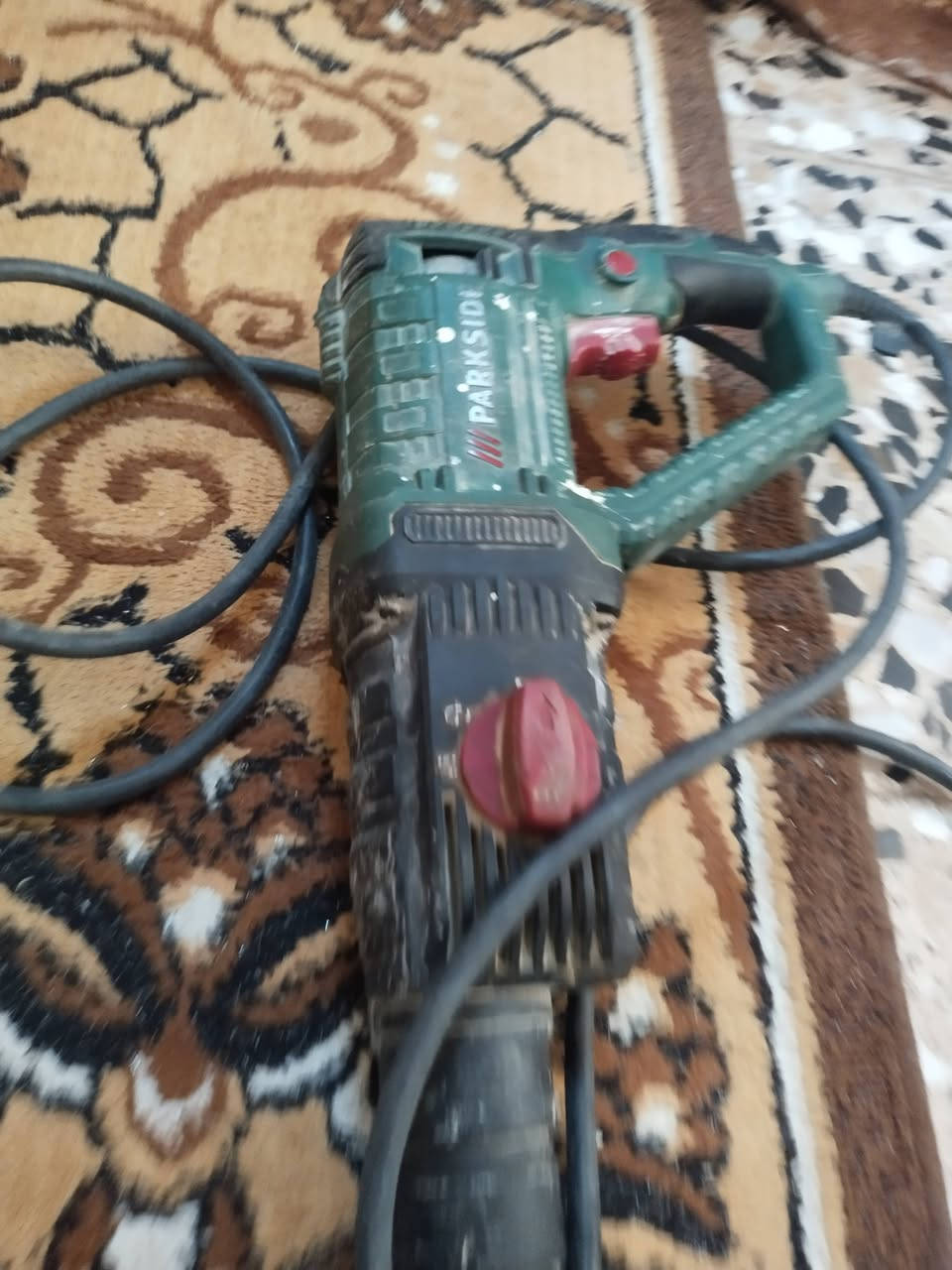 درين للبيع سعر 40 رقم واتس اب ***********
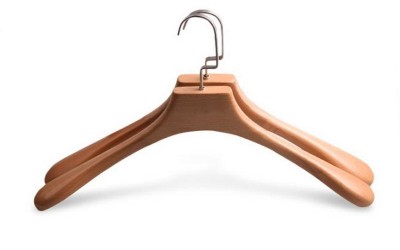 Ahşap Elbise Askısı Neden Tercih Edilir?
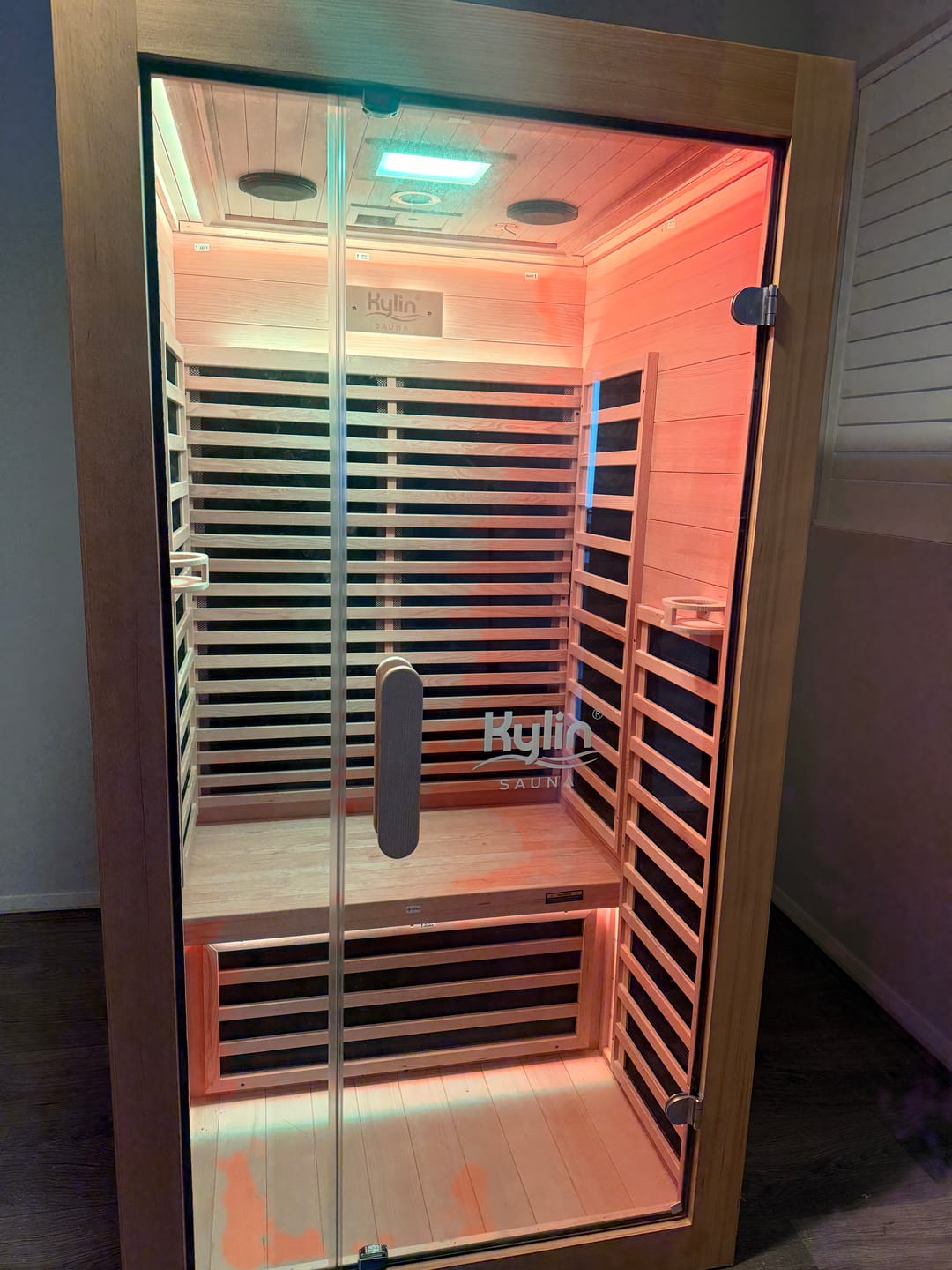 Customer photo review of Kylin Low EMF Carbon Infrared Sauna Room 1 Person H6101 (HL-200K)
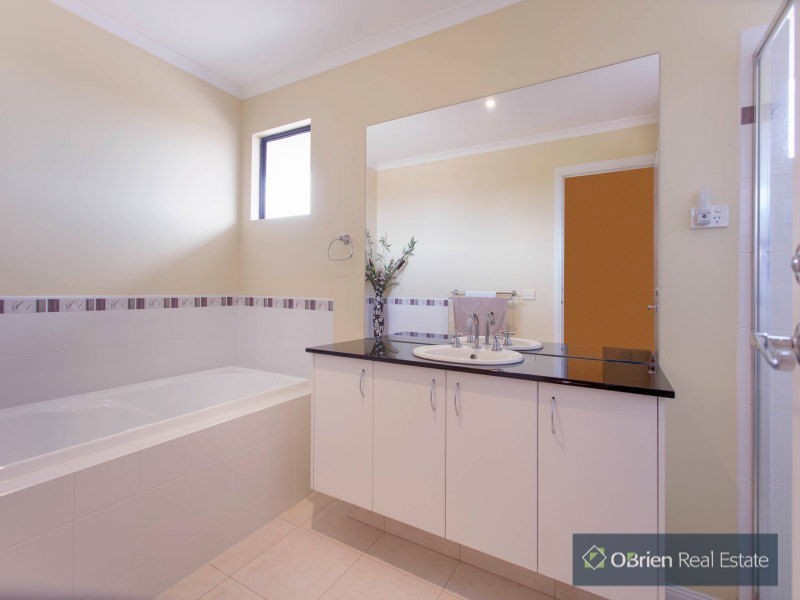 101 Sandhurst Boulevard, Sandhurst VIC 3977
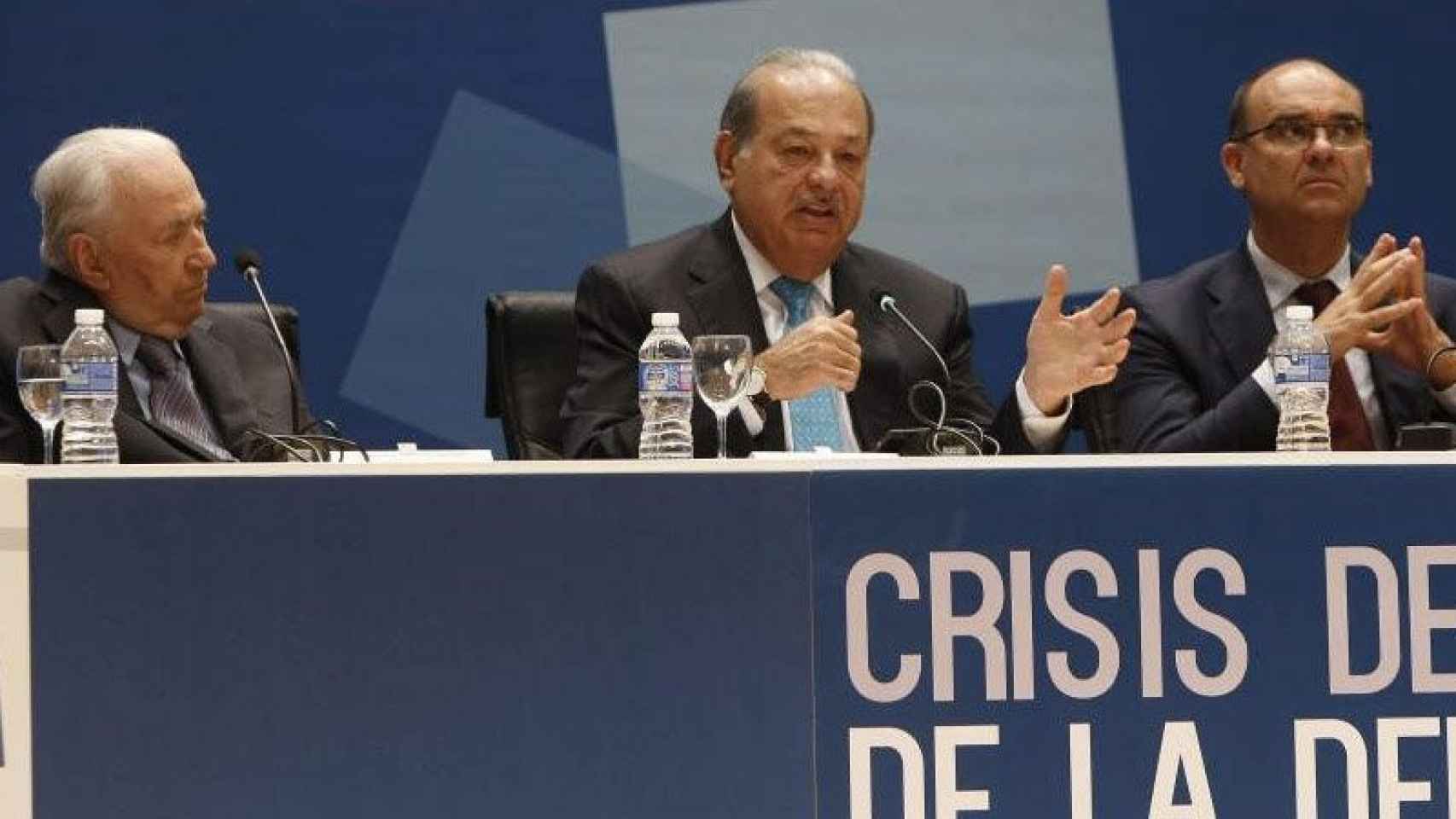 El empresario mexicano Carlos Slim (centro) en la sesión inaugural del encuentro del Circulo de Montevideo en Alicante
----
ACTIVITY: Reproduce the lines of the listing exactly, starting at the one that contains "101 Sandhurst Boulevard, Sandhurst VIC 3977" and continuing through the final line, but leave out the pictures.

RESULT BELOW:
 101 Sandhurst Boulevard, Sandhurst VIC 3977
 El empresario mexicano Carlos Slim (centro) en la sesión inaugural del encuentro del Circulo de Montevideo en Alicante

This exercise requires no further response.